Pub Date: Feb. 17th, 2015
ISBN: 978-0-8041-3998-4
Publisher: Crown

Could a banal office act as an incubator of madness? That’s the question posed in this provocative fictional debut by a prominent Swedish actor.

The Authority is a government department in Stockholm. Its purpose is obscure; its days may be numbered. The unreliable narrator, Björn, starts work there after being eased out of another civil service job. He’s a loner who sees himself competing against the other paper-pushers, rebuffing help from a co-worker. Björn discovers the titular room early on. Its door is next to the toilets. It has standard office equipment and is apparently unused. The room gives him energy, but does it really exist? Where he sees a door, his colleagues just see a wall and are disturbed by his standing motionless against it for minutes on end. Karl, the weak-willed boss, calls a meeting at which the staff sound off. Björn doesn’t give an inch.
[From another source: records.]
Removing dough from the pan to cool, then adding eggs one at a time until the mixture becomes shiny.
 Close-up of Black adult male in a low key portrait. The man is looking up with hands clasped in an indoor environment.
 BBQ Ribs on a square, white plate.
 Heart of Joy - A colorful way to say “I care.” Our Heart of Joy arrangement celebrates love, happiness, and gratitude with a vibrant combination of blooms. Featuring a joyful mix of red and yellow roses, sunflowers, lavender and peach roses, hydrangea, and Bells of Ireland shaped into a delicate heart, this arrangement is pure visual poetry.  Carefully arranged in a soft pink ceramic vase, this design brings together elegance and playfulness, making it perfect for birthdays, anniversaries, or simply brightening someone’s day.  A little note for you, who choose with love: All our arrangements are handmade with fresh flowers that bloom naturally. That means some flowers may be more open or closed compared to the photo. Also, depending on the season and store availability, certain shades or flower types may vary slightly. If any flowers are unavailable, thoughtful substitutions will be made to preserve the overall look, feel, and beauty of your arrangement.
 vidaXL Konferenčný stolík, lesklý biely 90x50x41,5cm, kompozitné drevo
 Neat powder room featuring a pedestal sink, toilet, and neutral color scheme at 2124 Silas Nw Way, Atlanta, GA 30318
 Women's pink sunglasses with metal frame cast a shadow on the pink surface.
He’s as intractable as Melville’s Bartleby, but while that tragic lost soul aroused compassion, Björn alienates the “little people” with his haughty defiance, though he allows that “I am prepared to forgive you.” Karlsson laces his narrator’s megalomania with hints that stultifying work and an acquiescent office culture can drive a person to extremes. The twist comes when Björn steals a co-worker’s project and does a vastly better job with it. Suddenly he’s hot! His expertise, which he insists on attributing to the “room,” attracts the attention of the Authority’s director. Should Björn be allowed to indulge his obsession? Karl, the hapless bureaucrat, tries to make folks happy with the formula “the room does not exist for everyone.” Nobody is appeased; the director must decide; Björn’s fate hangs in the balance.

Karlsson’s deft jab at dead-end workplaces keeps you agreeably off-balance and eager for more of his work.